Es war unbekanntes Terrain, auf das sich Landwirtschaftsministerin Ilse Aigner (CSU) am Freitag begab. Die Bayerin besuchte erst eine Seehundstation in Norden-Norddeich, dann besichtigte sie in Cuxhaven das Fischereischutzboot “Meerkatze“.

Cuxhaven. Äußerlich wirkt die schlanke und hochgewachsene Aigner blendend: Sie strahlte, schüttelte Hände, fütterte Seehunde und ließ sich auf dem Boot herumführen.

Doch als es um Inhalte ging, wurde die Ministerin wortkarg. Sie sei zu Besuch gekommen, um darzustellen, dass es eine neue Philosophie bei der nachhaltigen Fischerei gebe, sagte sie. "Ein großes Problem gibt es nach wie vor mit der unerlaubten Fischerei, die weltweit immer wieder stattfindet", sagte Aigner. Auf Drängen von Deutschland habe die EU darum eine Verordnung zur Bekämpfung der illegalen Fischerei verabschiedet, die von 2010 an gilt. Sie spulte die Sätze herunter, als hätte sie sie auswendig gelernt. Am Ende richtete sie ihren Blick Hilfe suchend auf Fischereidirektor German Jeub, und sie fragte: "Habe ich jetzt alles gesagt, was ich sagen sollte?"

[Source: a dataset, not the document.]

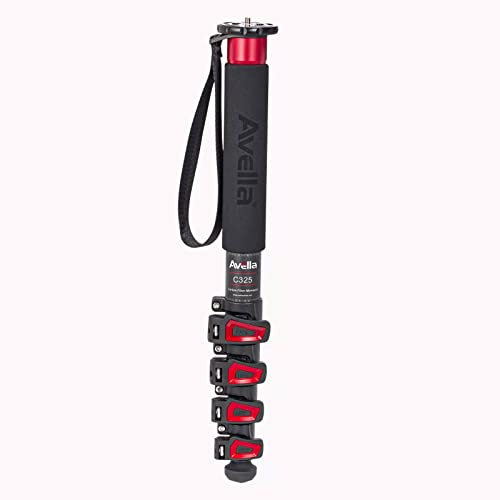 Avella C325 Monopode télescopique professionnel en fibre de carbone pour appareil photo reflex numérique et caméscopes 147 cm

Überzeugend wirkte das nicht. Nordsee und Fischfang sind nicht die ureigensten Themen der Süddeutschen. Und doch muss sie sich in den verbleibenden Wochen bis zur Bundestagswahl ihre politische Zukunft sichern. Auch mit solchen Terminen. Als die gelernte Radio- und Fernsehtechnikerin im Oktober 2008 ins Landwirtschaftsministerium berufen wurde, weil ihr Vorgänger Horst Seehofer in Bayern das Amt des Ministerpräsidenten übernahm, galt sie noch als Jungstar und Hoffnungsträgerin der CSU. Dass sie sich bis dahin mehr mit Bildungspolitik beschäftigt hatte, störte nicht. Sie genoss das Vertrauen Seehofers und machte zunächst eine gute Figur. Bis der Ministerpräsident und CSU-Chef seine Meinung zu der in der bayerischen Landbevölkerung verhassten Gen-Technik änderte und seine Ministerin mit dieser Volte überraschte. Schließlich musste sie den Anbau von Gen-Mais verbieten, die Forschung aber erlauben. Und bis der neue Superstar der Christsozialen, Wirtschaftsminister Karl-Theodor zu Guttenberg, am Berliner Kabinettshimmel auftauchte. Entsprechend verblasste der Stern der Ilse Aigner. Wenn es im Fall eines Unions-Sieges darum geht, Ministerposten mit CSU-Politikern zu besetzen, könnte es für Aigner im Herbst eng werden. Denn neben Guttenberg, der für ein neues Kabinett als gesetzt gilt, drängt auch der bayerische Umweltminister Markus Söder nach vorn - Richtung Aigners Job. Nach den aufreibenden Debatten und Verhandlungen um Milchquoten und Literpreise, um Agrarsubventionen und deren Offenlegung in ihrer bayerischen Heimat muss sie ein Feld finden, in dem sie sich publikumswirksam profilieren kann.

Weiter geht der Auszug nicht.